Cultural Recovery Meets Futurology
The interesting thing about reading Evie Shockley's “Separation Anxiety” after Kodwo Eshun's “Further Considerations on Afrofuturism” – one after the other – is that there is a brief moment of reflection during which the reader realizes that they contradict each other. Among other things, Eshun writes about how Black history can be used to write the Black future – the very definition of Afrofuturism, “back to the past and black to the future” – in optimistic if scholarly and somewhat unenthusiastic terms. Shockley, however, writes out a future in which this cannot happen, where Black history is the future, represented in a chilling statement from [P]eaches on page 60:
“all these authenticity rules! gotta have eighty percent historical content in each program. can't change not a step in performing some nineteenth or twentieth century dance. it's like we're fossils, walking around. I need to see if maybe black dance got a future.”

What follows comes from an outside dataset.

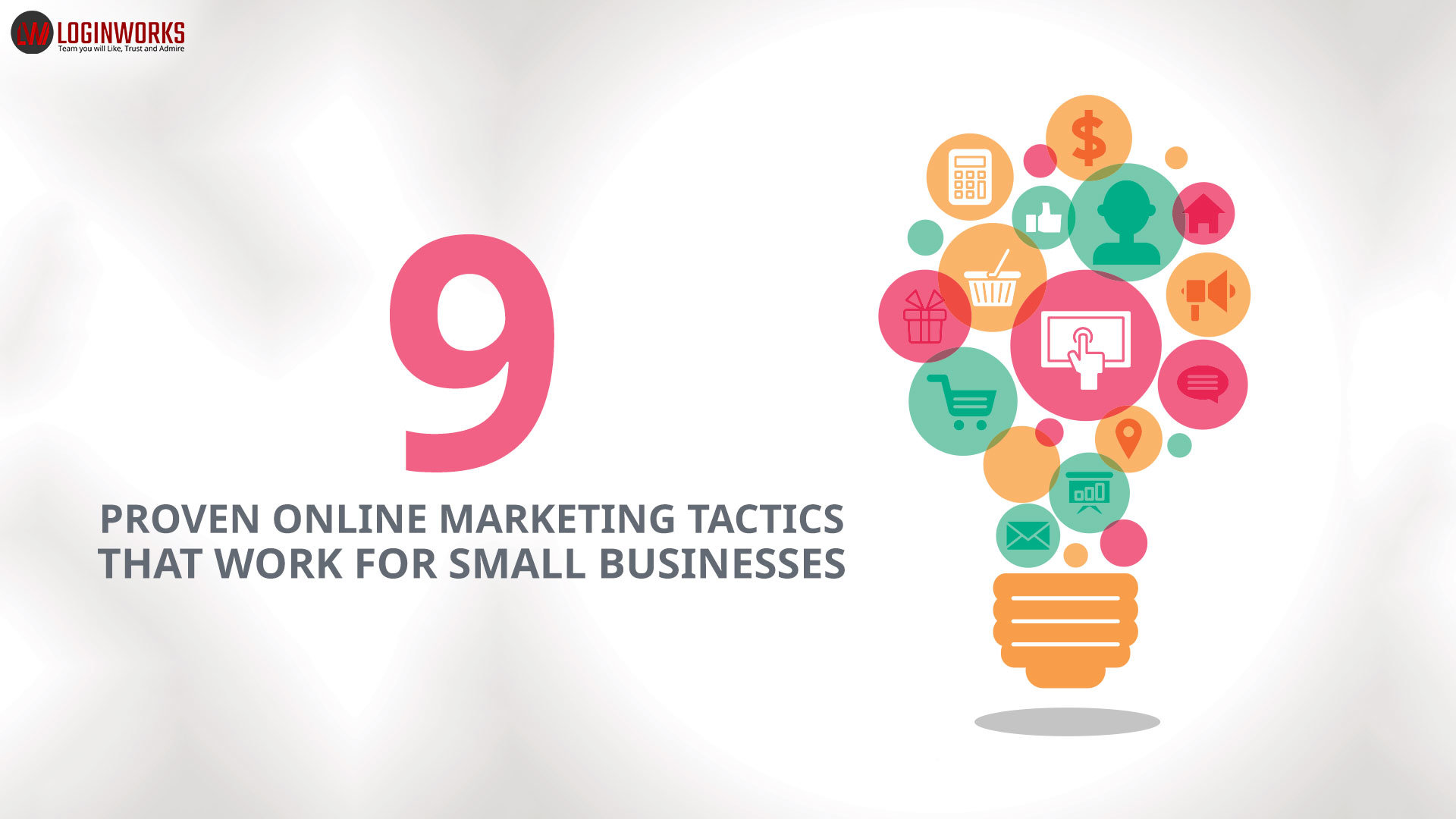 9 PROVEN ONLINE MARKETING TACTICS THAT WORK FOR SMALL BUSINESSES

Essentially, the characters are living in a situation in which even artistic representations are decided upon by the faceless government – she's talking about dance here, but it can easily be assumed that it applies universally, or rather, it would be extremely odd if it did not, for obvious and irrelevant reasons. What it hints at, with all the subtlety of a steak knife, is that they also live in a society with a legally defined history – not merely the occasional whitewashing or revisionism/wishful thinking that shows up in contemporary middle school textbooks, but a rigid definition of something that is by its very nature subjective or vague – that evidently ignores the idea of a more recent history (example: hip-hop and rap not being considered “real music” in favor of Elvis or such), or possibly even a suggestion that there is nothing in recent history with artistic merit (a self-satisfying prophesy). To put it simply, this is another way to read and interpret the definition of Afrofuturism above: pessimistic and all but ignoring any real understanding of history, but likely presented very enthusiastically to get by the various levels of government.
There is one thing Eshun and Shockley both ignore: the question of language. Eshun would particularly have to be aware of it as a nebulous construct at best (he's British, after all), and Shockley, aside from pulling the age-old trope of all-lowercase lettering, does not directly bring it up – although it isn't unheard of for classes to be taught in a particular language/dialect. Either way, language would evolve, for good or for ill, under either application of “back to the past, black to the future”, and it is odd to not see a reference in either work – probably, Eshun is looking up a bit too carefully, and Shockley is using too much of the present in her distortion. Which brings up another issue: thought 2095 is the date given for the establishment of the [DECC], the social and cultural background is too skewed to be believable (for the same reason that there will never be a serious anthology titled One Million AD) as it implies that the state of things managed to get much, much worse after the current generation – which, given the advancing state of medicine, will make up the most active oldsters to date. For this, it might be easier to consider “Separation Anxiety” a first-person record of an alternate reality 22nd century(?) rather than the usual “significant distortion of the present”.